Pensieve-pytorch

Implementing pensieve using pytorch.

The author of pensieve uses tensorflow to implement it.

Dependencise:

python-2.7.15
pytorch-1.0.1
numpy-1.16.2

Notes

When I used pytorch to implement it,I found a difference between the tensorflow implementation and the paper.

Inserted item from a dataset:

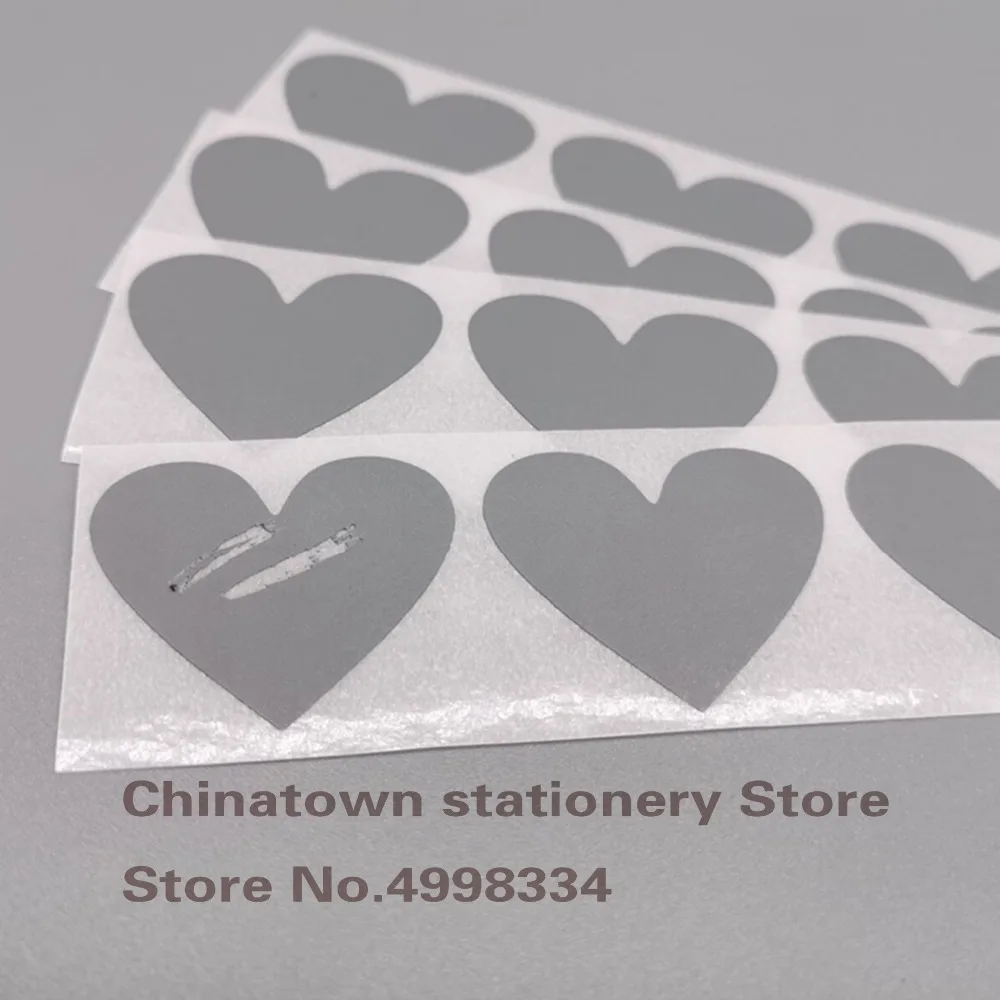 200pcs Scratch Off Stickers 30mmx35mm Love Heart Shape   gray Color Blank For Secret Code Cover Home Game Wedding Message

In hongzimao/pensieve/sim/a3c.py,author used the mean square error of R_batch and criticNetwork_output(value function,in a3c.py line 243).But R_batch is the cumulative rewards in particular episode.In original paper,pensieve should use mean square of r+\gamma * V(s_{t+1}) and V(s_{t}) (paper,equation-3).

I have no idea how different between that,so I implemented 3 models to verify it:

model 0 : only use pytorch to rewrite pensieve,no logical changes.use R_batch to update critic network.
model 1 : according to equation-3,think of s_batch[:-1] as states,and s_batch[1:] as new states.(is that correct?)
model 2 : no critic network,only actor network.

Train

You can run an example:

    ```
    python pensieve_torch.py --model_type=1
    ```

Results

Figure1:testing average QoE per 100 episodes.

I use testing-function to get average QoE per 100 episodes in training,and train 6 times using seed(42,142,242,342,442,542).

I found a phenomenon that even without critic network,I can get the similar results(see model_0 and model_2).

Branches

ppo : using PPO2 instead of A3C in ppo branch.